THE PROFITS TO BE REALIZED BY THE ADVISER AND ITS AFFILIATES FROM THEIR RELATIONSHIP WITH THE FUND.  The Board reviewed the Adviser’s financial information and took into account both the direct benefits and the indirect benefits to the Adviser from advising the Funds.  The Board considered the profitability to the Adviser from its relationship with the Funds and considered any additional benefits derived by the Adviser from its relationship with the Funds.  The Board also reviewed information regarding fee offsets for separate accounts invested in the PIA High Yield Fund and determined that the Adviser was not currently receiving an advisory fee both at the separate account and at the Fund level for these accounts, and as a result was not receiving additional fall-out benefits from these relationships.  After such review, the Board determined that the profitability to the Adviser with respect to the Advisory Agreement was not excessive, and that the Adviser had maintained adequate resources and profit levels to support the services it provides to the Funds.
 
No single factor was determinative of the Board’s decision to approve the continuance of the Advisory Agreement for the Funds, but rather the Board based its determination on the total mix of information available to them.  Based on a consideration of all the factors in their totality, the Board determined that the advisory arrangement with the Adviser, including the advisory fees, were fair and reasonable.  The Board therefore determined that the continuance of the Advisory Agreement for the Funds would be in the best interest of the Funds and their shareholders.
 

 
- 24 -

 

PRIVACY NOTICE
 
The Fund collects non-public information about you from the following sources:
 
•  Information we receive about you on applications or other forms;
 
•  Information you give us orally; and/or
 
•  Information about your transactions with us or others.
 
We do not disclose any non-public personal information about our customers or former customers without the customer’s authorization, except as permitted by law or in response to inquiries from governmental authorities.  We may share information with affiliated and unaffiliated third parties with whom we have contracts for servicing the Fund.  We will provide unaffiliated third parties with only the information necessary to carry out their assigned responsibilities.  We maintain physical, electronic and procedural safeguards to guard your non-public personal information and require third parties to treat your personal information with the same high degree of confidentiality.
 
In the event that you hold shares of the Fund through a financial intermediary, including, but not limited to, a broker-dealer, bank, or trust company, the privacy policy of your financial intermediary would govern how your non-public personal information would be shared by those entities with unaffiliated third parties.
 

 
 

 

(This Page Intentionally Left Blank.)
 

 
 

 

Adviser
Pacific Income Advisers, Inc.
1299 Ocean Avenue, Suite 210
Santa Monica, CA  90401


Distributor
Quasar Distributors, LLC
615 East Michigan Street
Milwaukee, WI  53202


Transfer Agent
U.S. Bancorp Fund Services, LLC
615 East Michigan Street
Milwaukee, WI  53202
(800) 251-1970


Custodian
U.S. Bank N.A.
1555 North River Center Drive, Suite 302
Milwaukee, WI  53212


Independent Registered Public Accounting Firm
Tait, Weller & Baker LLP
1818 Market Street, Suite 2400
Philadelphia, PA  19103


Legal Counsel
Paul Hastings LLP
75 East 55th Street
New York, NY  10022







Past performance results shown in this report should not be considered a representation of future performance.  Share price and returns will fluctuate so that shares, when redeemed, may be worth more or less than their original cost.  Statements and other information herein are dated and are subject to change.



 
 

 

Item 2. Code of Ethics.

Not applicable for semi-annual reports.

Item 3. Audit Committee Financial Expert.

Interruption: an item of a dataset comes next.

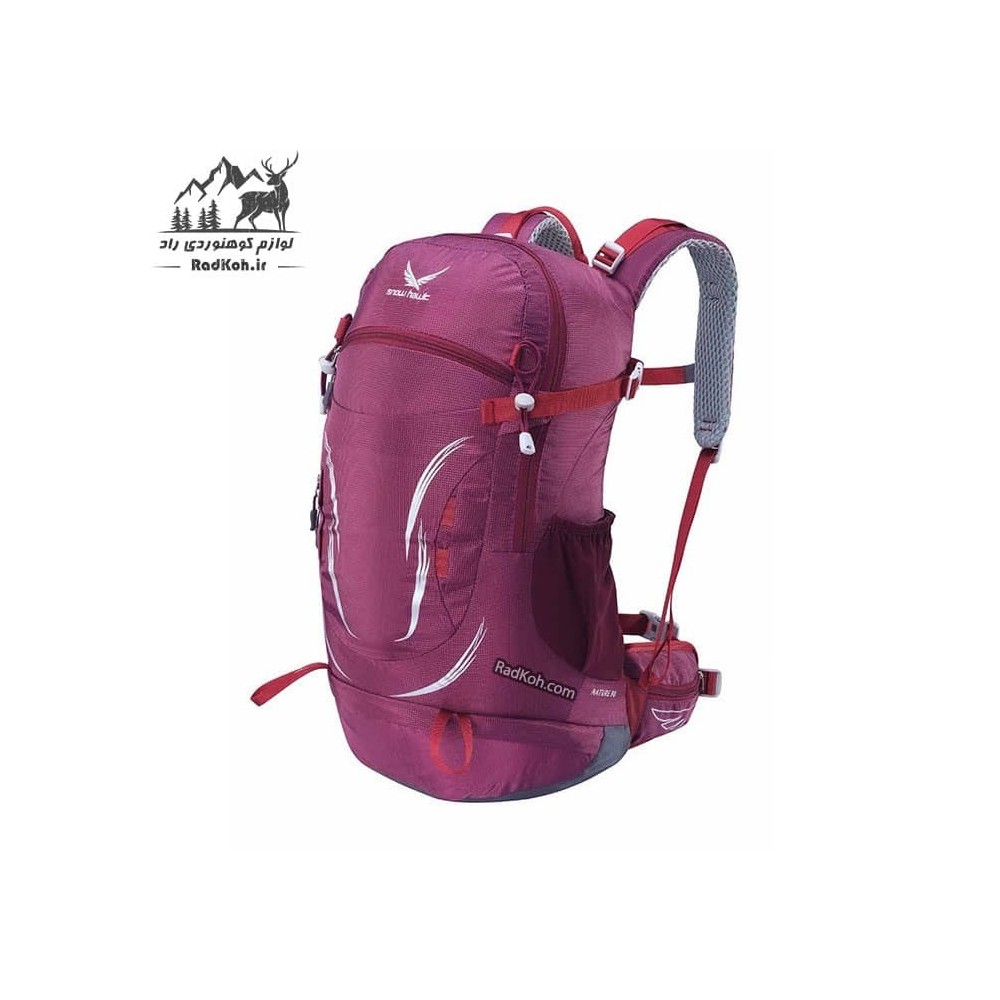 کوله پشتی 30 لیتری اسنوهاک مدل Nature کد SN3030 رنگ بنفش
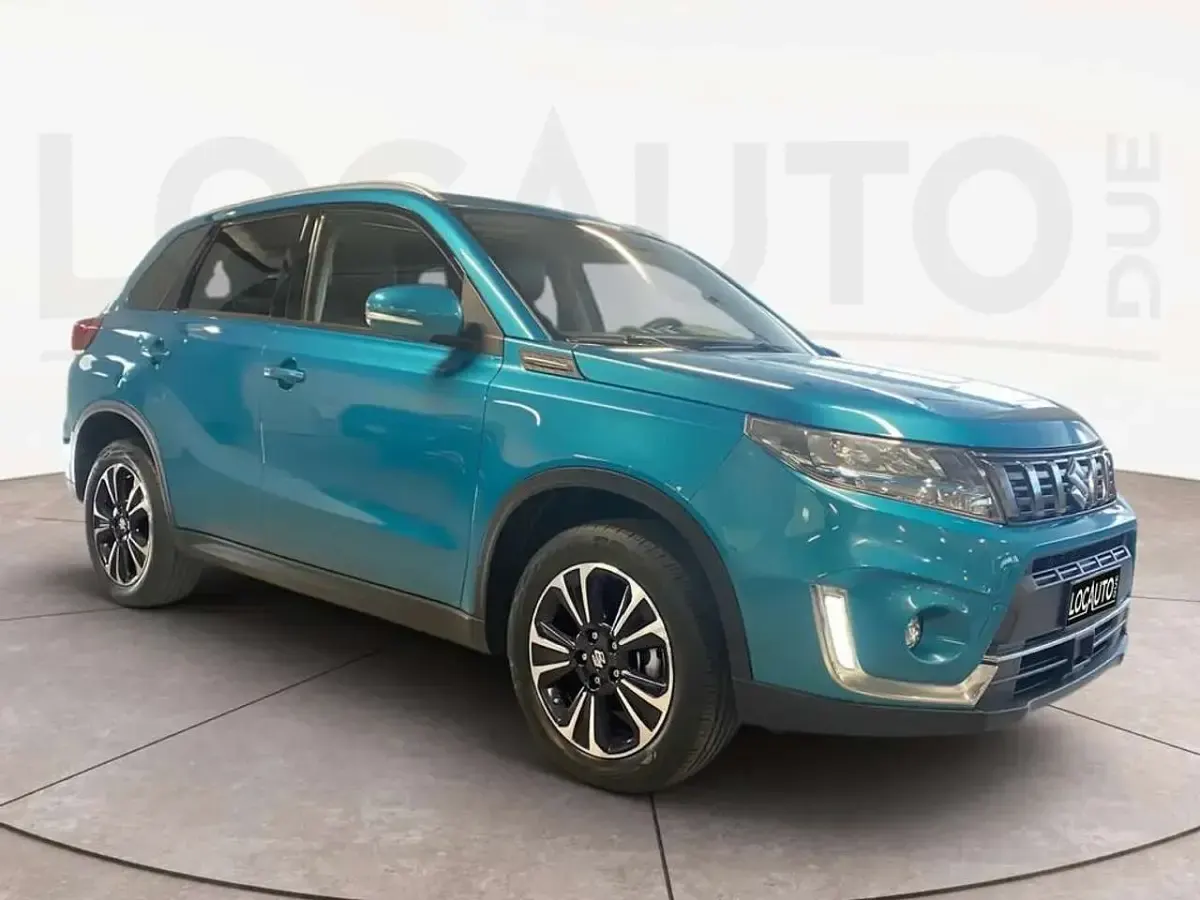 Usata Suzuki Vitara 114 CV (83 kW) 2023 Azzurro SUV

Not applicable for semi-annual reports.

Item 4. Principal Accountant Fees and Services.

Not applicable for semi-annual reports.

Item 5. Audit Committee of Listed Registrants.

Not applicable to registrants who are not listed issuers (as defined in Rule 10A-3 under the Securities Exchange Act of 1934).

Item 6. Investments.

(a)  
Schedule of Investments is included as part of the report to shareholders filed under Item 1 of this Form.
 
(b)  
Not Applicable.
 
Item 7. Disclosure of Proxy Voting Policies and Procedures for Closed-End Management Investment Companies.

Not applicable to open-end investment companies.

Item 8. Portfolio Managers of Closed-End Management Investment Companies.

Not applicable to open-end investment companies.

Item 9. Purchases of Equity Securities by Closed-End Management Investment Company and Affiliated Purchasers.

Not applicable to open-end investment companies.

Item 10. Submission of Matters to a Vote of Security Holders.

There have been no material changes to the procedures by which shareholders may recommend nominees to the Registrant’s Board of Trustees.

Item 11. Controls and Procedures.

(a)  
The Registrant’s President/Principal Executive Officer and Treasurer/Principal Financial Officer have reviewed the Registrant's disclosure controls and procedures (as defined in Rule 30a-3(c) under the Investment Company Act of 1940 (the “Act”)) as of a date within 90 days of the filing of this report, as required by Rule 30a-3(b) under the Act and Rules 13a-15(b) or 15d-15(b) under the Securities Exchange Act of 1934.  Based on their review, such officers have concluded that the disclosure controls and procedures are effective in ensuring that information required to be disclosed in this report is appropriately recorded, processed, summarized and reported and made known to them by others within the Registrant and by the Registrant’s service provider.

(b)  
There were no changes in the Registrant's internal control over financial reporting (as defined in Rule 30a-3(d) under the Act) that occurred during the second fiscal quarter of the period covered by this report that has materially affected, or is reasonably likely to materially affect, the Registrant's internal control over financial reporting.

Item 12. Exhibits.

(a)  
(1) Any code of ethics or amendment thereto, that is the subject of the disclosure required by Item 2, to the extent that the registrant intends to satisfy Item 2 requirements through filing an exhibit. Not Applicable.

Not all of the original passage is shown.